Mi día empezó a las prisas; no porque al despertador se le haya olvidado sonar, pero justo cuando me despierto, adoro ver los rayos de luz que se filtran por la ventana, sentir que mi cuerpo funciona otra vez y que es un nuevo comienzo, porque todos los días lo es. Este ritual me demoró un poco precisamente cuando necesitaba aprovechar cada instante, pero de alguna manera lo solucioné.

Cuando escuchamos “reunión familiar” muchas cosas vienen a la mente. Si eres pequeño, seguro piensas “Voy a jugar futbol con mis primos”, “Comeremos ese pastel que solo la tía Teresa sabe hacer” o “Nos sentaremos con el abuelo para que nos cuente las historias de cuando tenía mi edad” y todas estas opciones suenan muy divertidas. Ser un niño y tener la oportunidad de juntarte con todos tus parientes es una de las mejores experiencias porque ves el mundo con ojos de ilusión y lo peor que podría pasar es que llueva y se enlode la cancha.

Pero pasan unos cuantos años, creces, te vuelves adolescente y tus intereses cambian. Ya no te apetece que la tía Cleotilda confunda tu nombre con el de tu hermano cada vez que te ve, ya no juegas a que Ken y Barbie se enamoran porque estás mandándote mensajes con el chico que te gusta. Se vuelve todo muy monótono y aburrido, ni siquiera le haces caso a tu abuela que te ruega que jueguen una partida de dominó.

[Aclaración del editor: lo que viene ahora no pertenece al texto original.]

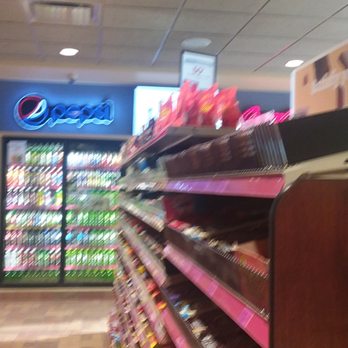 Kwik Trip - Gas Stations Near Me - Mora, Minnesota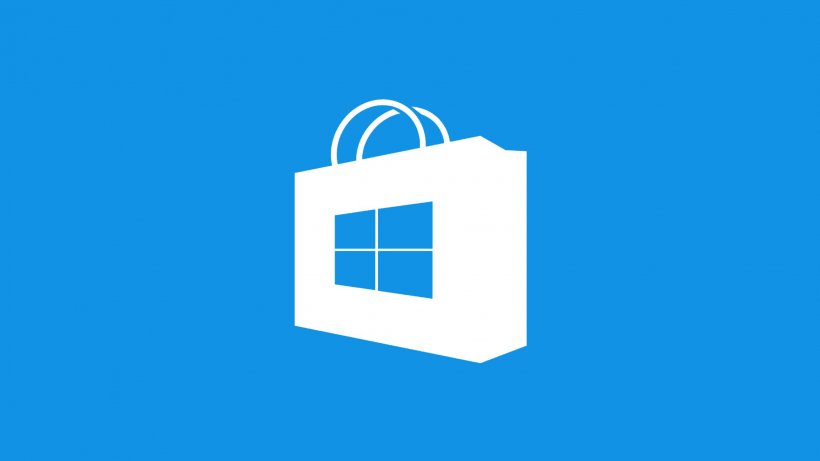 Microsoft Store Windows 10, PNG, 2048x1152px, Microsoft, Android, Azure, Blue, Brand Download Free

Mi racha de “soy mayor y no me divierten las reuniones familiares” duró un par de años, debido a que mis primos son de mi edad y hemos crecido juntos. Pero todo cambió esta vez, pues me levanté sabiendo que bien podría ser un mal día o un buen día, dependiendo de mi actitud ante la situación. Conviví y me reí, dejé que la tía Cleotilda confundiera mi nombre, me comí ese pastel que solo la tía Teresa sabe hacer, hablé con la abuela para que me contara todas las historias que su boca le permitía. Fue una reunión familiar como las de antes, las que sí disfrutaba y fue porque me di cuenta de que puede llegar un año donde no se repitan.

Yo crezco, otros envejecen, otros enferman y mueren. El ciclo de la vida no se puede parar y por eso te pido que aproveches a tus seres queridos mientras los tienes. Tómate fotos, aprende de ellos y deja que aprendan también de ti.

La recomendación de esta semana es “Más barato por docena” porque creo que no podría existir otra que se relacione mejor con el tema. Es un clásico que trae risas y algo de drama, incluso podrías hacer una noche familiar para verla. Nos vemos en la próxima.